They can hit you when you’re asleep, or when you stretch too much, and they can also hit you when you’re exerting a weak muscle. Muscle cramps are probably the most annoying repetitive niggle one can face. And, over time, the fear of cramps can play on your mind and affect your performance. This is as true for a fitness beginner, as it is for a pro-athlete.
A cramp is an extreme muscle contraction, mostly felt in the lower body (calves, hamstrings and feet). The usually subside after you stretch out the muscle in the opposite direction of the cramp. But when cramps hit, they can be extremely painful; and debilitating if the fatigued muscle continues to keep working.
“When you do electrical studies of cramps, you see that the motor nerve triggering the affected muscle is firing at an extremely high rate—much higher than when a person consciously moves a muscle on their own,” writes neurologist and movement disorder specialist Dr. William Ondo, in an article titled Muscle Cramps: 8 Things That Cause Them & 4 Ways to Stop Them.
A prime example of how even the best athletes suffer from cramps was when French World Cup winner and Manchester United defender Raphael Varane went down with cramps during an intense Premier League match against Liverpool on 22 August. Closer to home, many players have gone down with cramps during the first week of the Durand Cup, which heralded the beginning of the competitive football season in India.

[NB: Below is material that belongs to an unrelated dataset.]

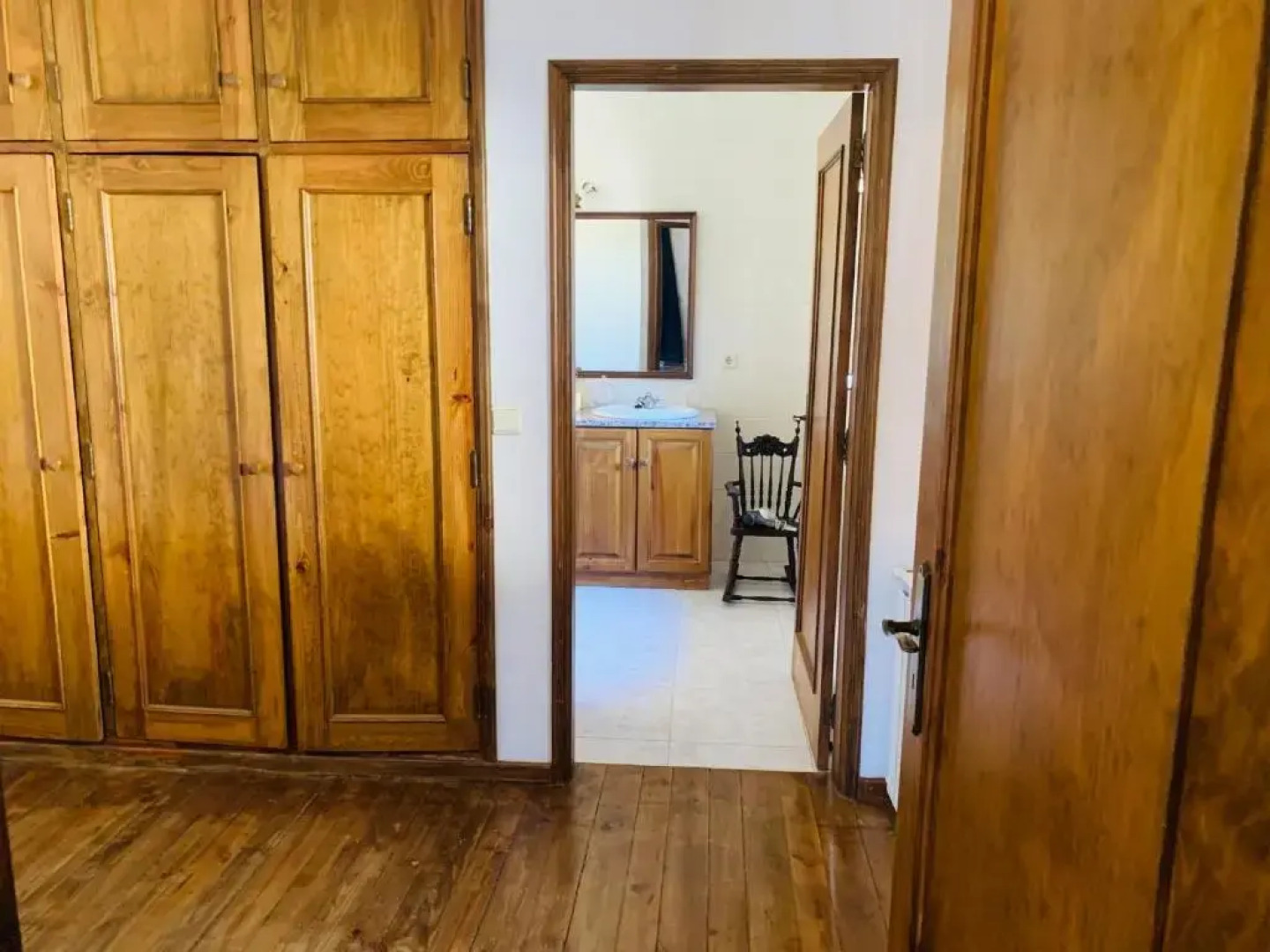 Quinta do Casarão - Casa de Campo com Piscina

“In my first game after a break or an injury, I would get cramps nine out of ten times. It would almost always be the calf muscle. Sometimes it also happens when you suddenly get a game after being out of the first team for a while. I would prepare with having salts before and at halftime – because sometimes you’ve had enough water but maybe not enough salts and electrolytes,” says Darren Caldeira, who has played for Bengaluru FC and other clubs, and is now a football pundit.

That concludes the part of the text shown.